Rainbow Push Coalition Celebrates Outcome of Torture Trial

Torture victims hope legislation prevents police abuse

WGN-TV, Chicago
Saturday, July 3, 2010

CHICAGO - Torture victims joined ministers and activists today to celebrate the conviction of perjury in the torture trial of former police commander Jon Burge. But today, this group says more has to be done to keep abuse from occurring under another commander's watch.

About a half dozen torture victims attended a special July 4th service at Rainbow Push Headquarters. "i was 17 years old when i was framed and kidnapped from my family," torture victim Mike Evans said.

The victims along with Rev. Jesse Jackson and other ministers are calling for legislation to make police torture a federal crime.
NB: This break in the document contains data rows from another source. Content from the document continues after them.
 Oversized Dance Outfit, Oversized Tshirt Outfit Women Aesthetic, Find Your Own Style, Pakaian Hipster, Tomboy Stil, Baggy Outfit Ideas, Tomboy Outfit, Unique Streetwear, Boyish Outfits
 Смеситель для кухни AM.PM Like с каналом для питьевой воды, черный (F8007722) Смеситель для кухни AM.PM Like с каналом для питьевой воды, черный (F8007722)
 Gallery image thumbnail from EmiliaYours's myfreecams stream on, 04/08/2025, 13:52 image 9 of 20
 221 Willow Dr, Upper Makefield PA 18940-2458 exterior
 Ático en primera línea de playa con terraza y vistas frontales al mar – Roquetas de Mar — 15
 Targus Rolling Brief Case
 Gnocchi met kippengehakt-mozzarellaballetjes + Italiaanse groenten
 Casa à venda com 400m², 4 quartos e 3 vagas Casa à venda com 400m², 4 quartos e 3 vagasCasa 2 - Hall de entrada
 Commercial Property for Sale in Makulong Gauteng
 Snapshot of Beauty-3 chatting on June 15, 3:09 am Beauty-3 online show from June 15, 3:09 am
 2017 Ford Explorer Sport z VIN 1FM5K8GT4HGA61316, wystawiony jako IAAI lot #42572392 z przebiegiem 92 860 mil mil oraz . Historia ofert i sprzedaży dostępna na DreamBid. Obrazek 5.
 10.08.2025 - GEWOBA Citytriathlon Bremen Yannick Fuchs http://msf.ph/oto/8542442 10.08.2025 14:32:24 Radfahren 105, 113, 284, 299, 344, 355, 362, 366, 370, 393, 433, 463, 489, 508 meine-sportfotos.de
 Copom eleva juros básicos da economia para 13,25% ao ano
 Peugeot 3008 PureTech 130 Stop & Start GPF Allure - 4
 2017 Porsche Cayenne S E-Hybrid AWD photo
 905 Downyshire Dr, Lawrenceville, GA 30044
"Those who knew about it and said nothing were all part of a system of torture," said Rev. Jackson, adding "many of them are still working on the police department today."

Anthony Holmes spent thirty years in the state penitentiary after being forced into confessing to a murder he didn't commit. He says Burge should have been charged with attempted murder. "i spoke about Jon Burge because he was the one that tortured me. He tried to kill me. He suffocated me, he tortured me for two days," he said. "My family couldn't find me" he added.

Mark Clements was just 16 when he was tortured into a murder confession. "I was beat by a detective who i had seen drinking in the bathroom," said Clements.

In addition to making torture a federal crime, they're also asking Governor Patrick Quinn to establish a torture commission.

While these victims celebrate Independence weekend, they say their freedom came with a cost.

"i always had belief in my country and the American dream, but now i have doubts in the American dream," Evans said.

Earlier this week, Congressman Danny Davis said he plans to introduce legislation that would make torture by law enforcement officers a federal crime with no statute of limitations.